The Deduplication
feature in Fluvio is the way to deduplicate records based on their keys.
Deduplication can be used on a topic.
It will drop the duplicate records in a window which is defined by the configured bounds
.
The current supported bounds
are age
and count
, they are explained in the bounds section.
The deduplication function is deterministic and survives restarts. During restart the deduplication algorithm scans the data stream and rebuilds the memory object.

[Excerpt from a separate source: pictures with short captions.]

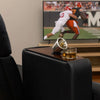 Console | Faux Leather | 2 Removable Metal Cup Holders | Black & Silver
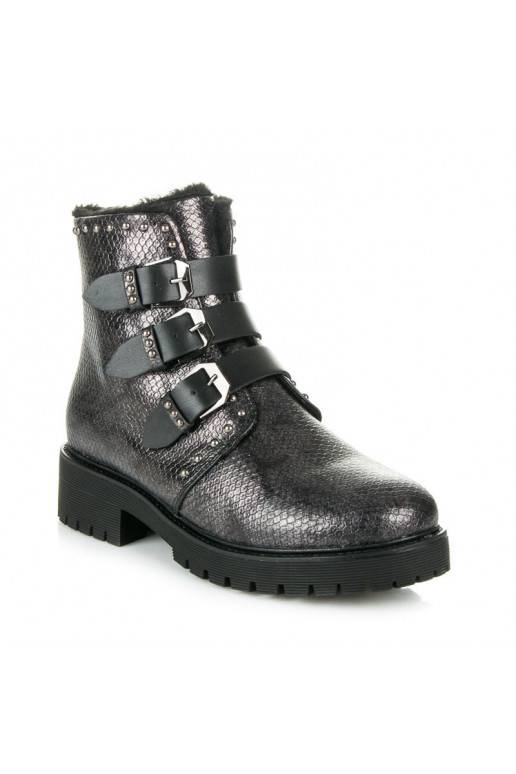 Botas calentadas con estilo de Betler con hebillas JT39-2BR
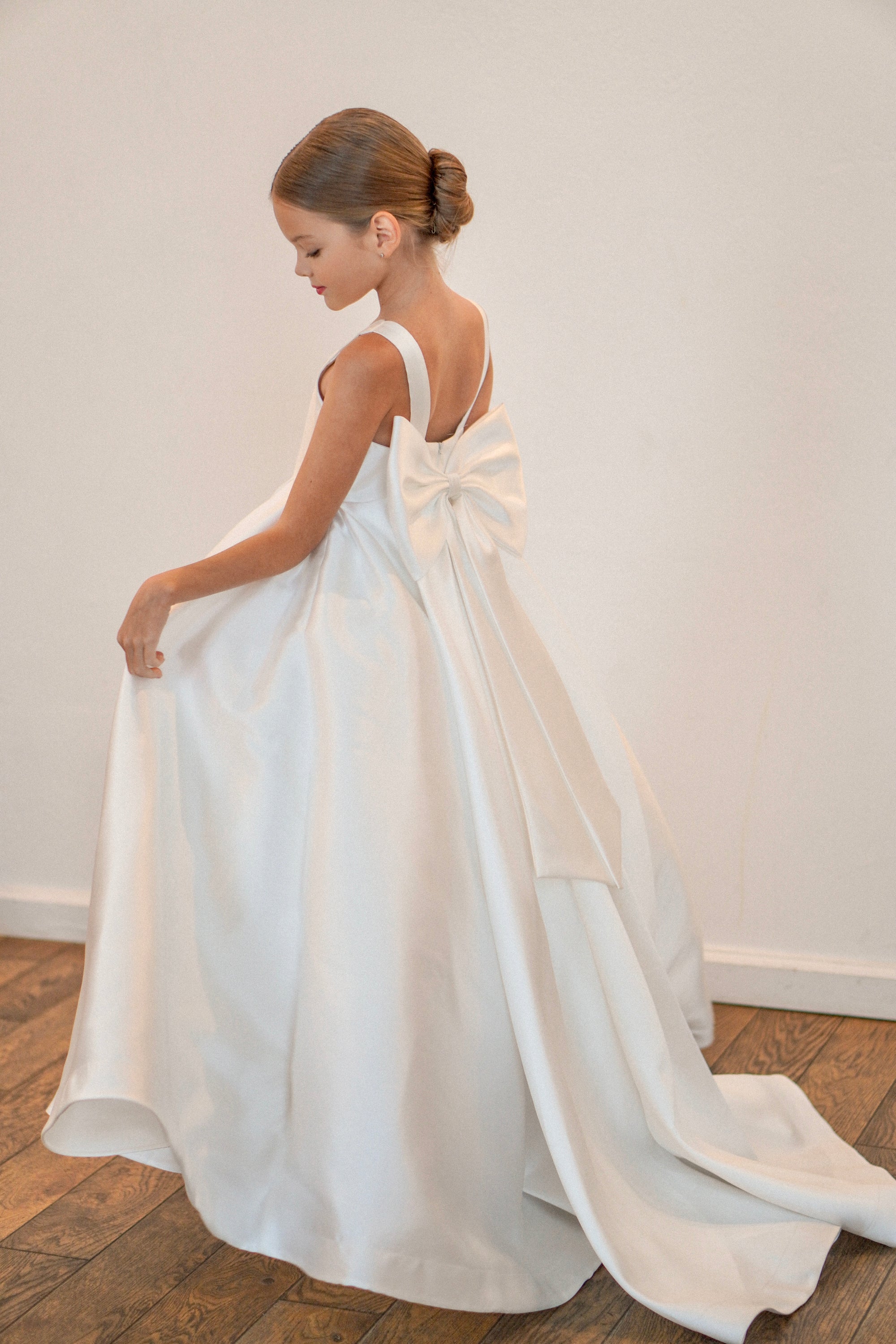 Sophia Mikado Flower Girl Dress MIK &amp; ME Exclusive (Made to order) MK003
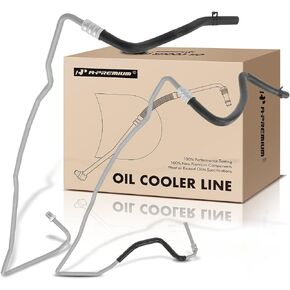 A-Premium Automatic Transmission Oil Cooler Line Hose Assembly Compatible with Ford Fusion 2006-2009 & Mercury Milan 2006-2009, 2.3L 3.0L, Automatic Transmission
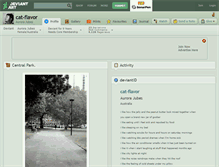 Tablet Screenshot of cat-flavor.deviantart.com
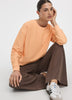 Crew-Neck Sweatshirt with Side Zippers - Hyba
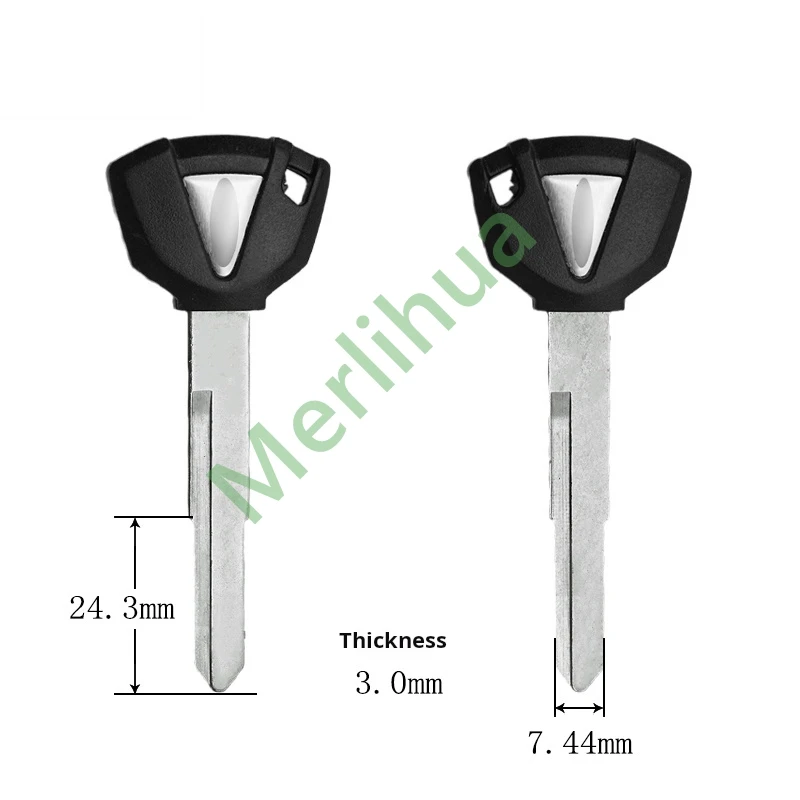 Kawasaki motorcycle key, suitable for: Kawasaki Ninja NINJA400 600 Z400 Z800 Z900 Z1000 motorcycle key embryo(Can install chips)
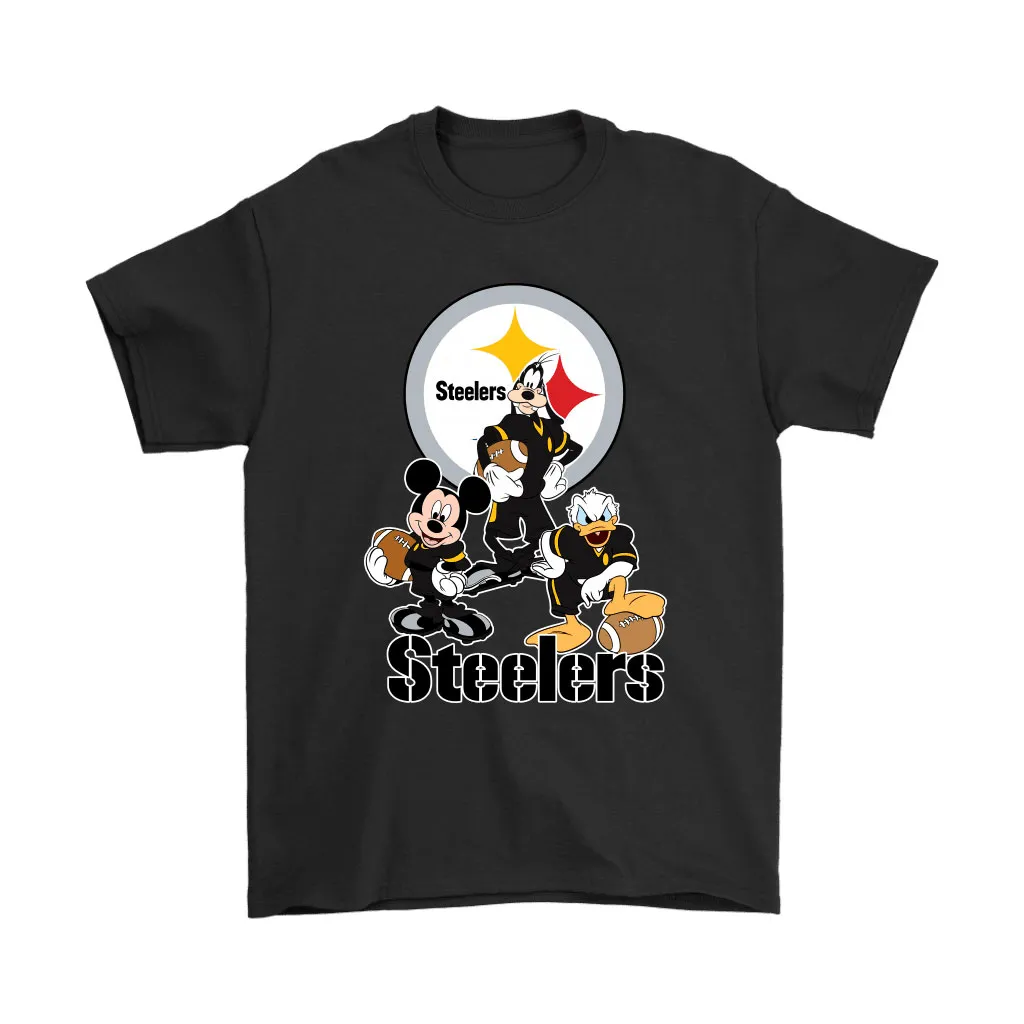 Mickey Donald Goofy The Three Pittsburgh Steelers Football Men Women T-shirt, Hoodie, Sweatshirt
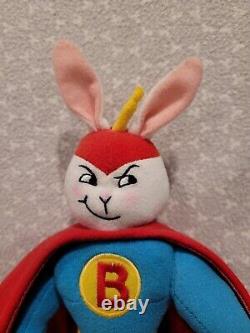 2002 Crocodile Creek PBS Kids Marc Brown's Arthur Bionic Bunny Plush Toy 12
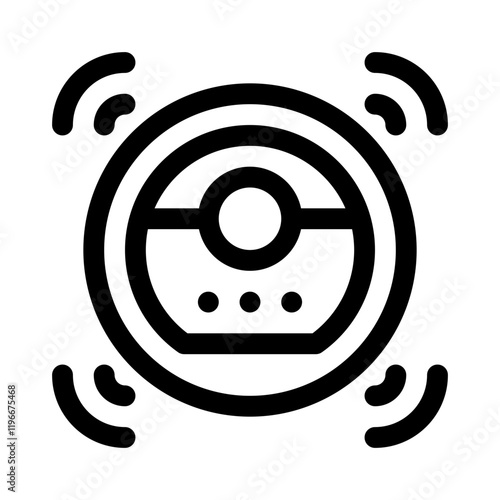 robot line icon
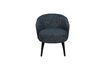 Miniature Fauteuil en tissu bleu Waldo 1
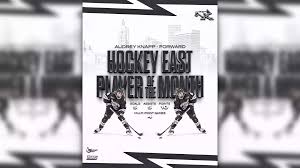 Audrey Knapp Recognized As Hockey East Player Of The Month - Providence  College Athletics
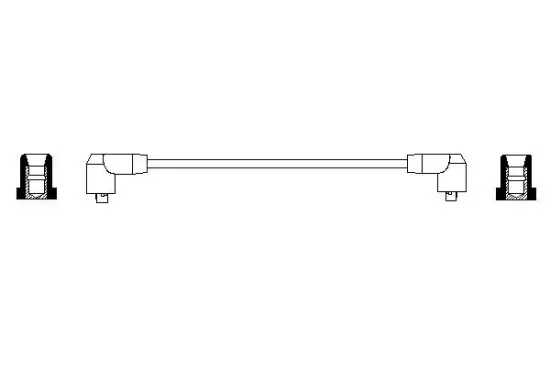 Zündleitung Zündspule zum Verteiler BOSCH 0 986 356 194 Bild Zündleitung Zündspule zum Verteiler BOSCH 0 986 356 194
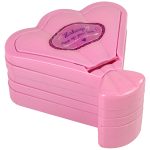 Pink Shell Makeup Bag Eyeshadows Gloss Pink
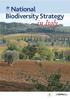 National Biodiversity Strategy. in Italy PALOMBI EDITORI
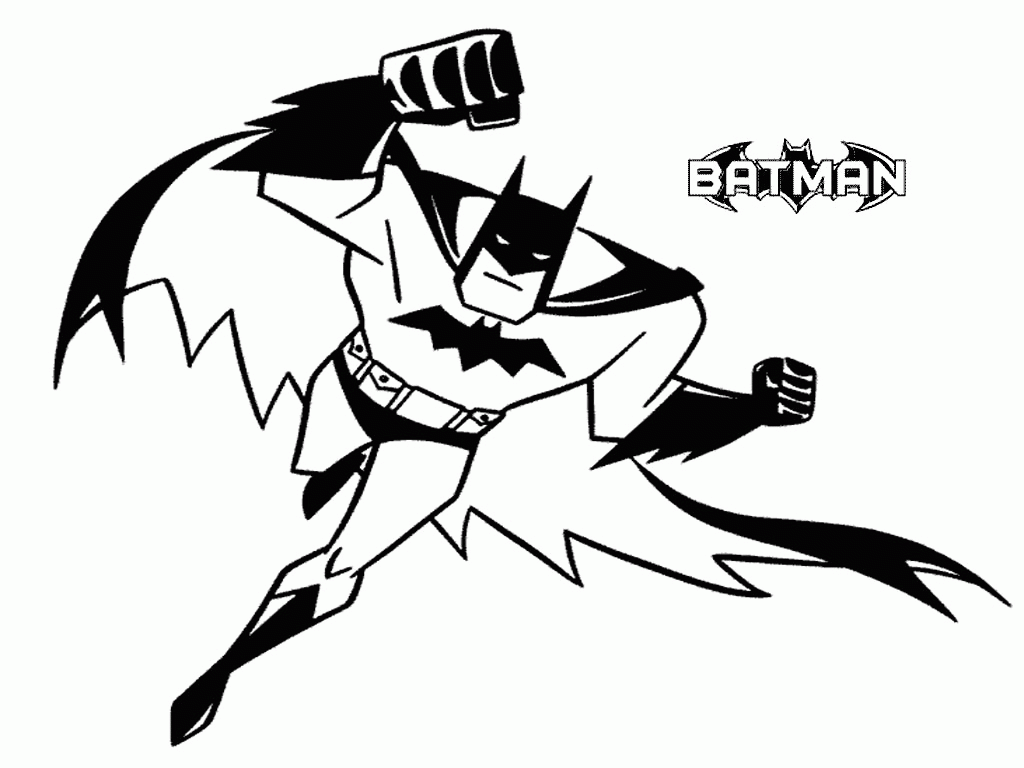 Desenhos do Batman para colorir, pintar, baixar e imprimir - Batman Coloring Page and Printable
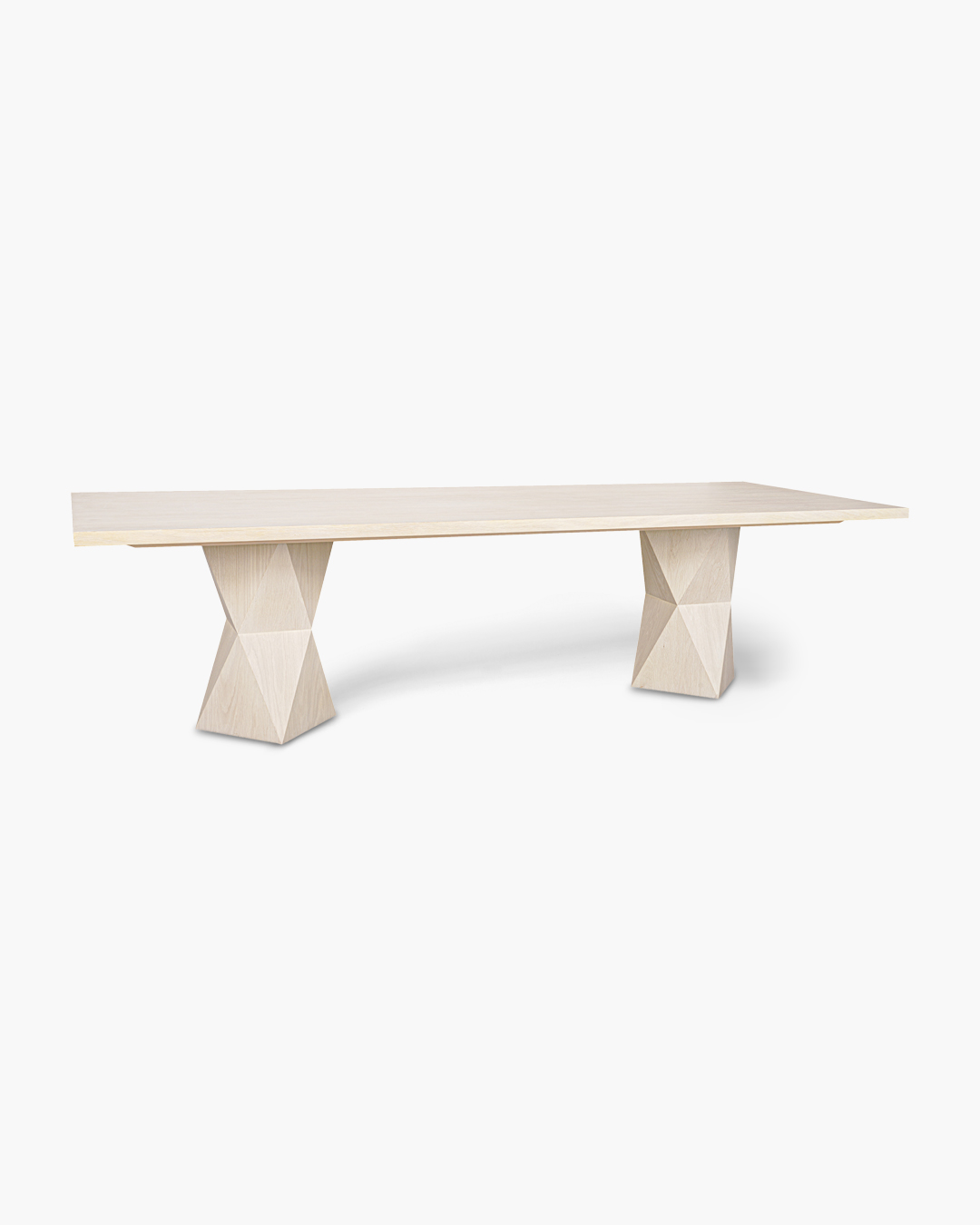 Cass White Helix Rectangular Dining Table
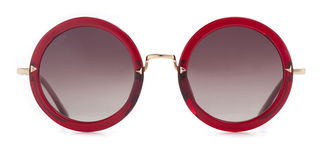 MOLSION MS1190-J23 Güneş Genç,Yetişkin Kadın Yuvarlak Çerçeveli Metal Polarize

Example configuration on topic:
# topic.yaml
version: 0.1.0
meta:
name: topic-with-dedup
deduplication:
bounds:
count: 5 # remember at least 5 last records
age: 5s # remember records for at least 5 seconds
filter:
transform:
uses: infinyon-labs/dedup-filter@0.0.2
A topic can be created using this config file like so:
$ fluvio topic create -c topic.yaml
After creating the topic, it can be tested like so:
$ fluvio produce topic-with-dedup --key-separator :
1:2
1:2
2:5
$ fluvio consume -B topic-with-dedup
2
5
Parameter | default | type | optional | description |
---|---|---|---|---|
count | - | Integer | false | Minimum number of records the filter will remember. It doesn’t guarantee to remember records that came count records before now. |
age | - | Integer | true | Minimum amount of time this filter will remember a record for. It can be specified using this format: 15days 2min 2s , or 2min 5s , or 15ms |
The specific algorithm used for deduplication is defined by a smartmodule. Right now the only smartmodule for this is the dedup-filter
smartmodule.
The dedup-filter
splits the data into smaller chunks and keeps these chunks in memory. Each chunk has an age so it knows if it can
drop a chunk based on it’s age.
When count of total records in memory exceeds the configured bounds.count
, it will check if it can delete the oldest record chunk using the configured bounds.age
and delete it if it can. This allows for fast deletion of old data with minimum amount of bookkeeping.
The chunking of data introduces a small memory usage overhead but allows the filter to have no spikes in execution time and memory usage.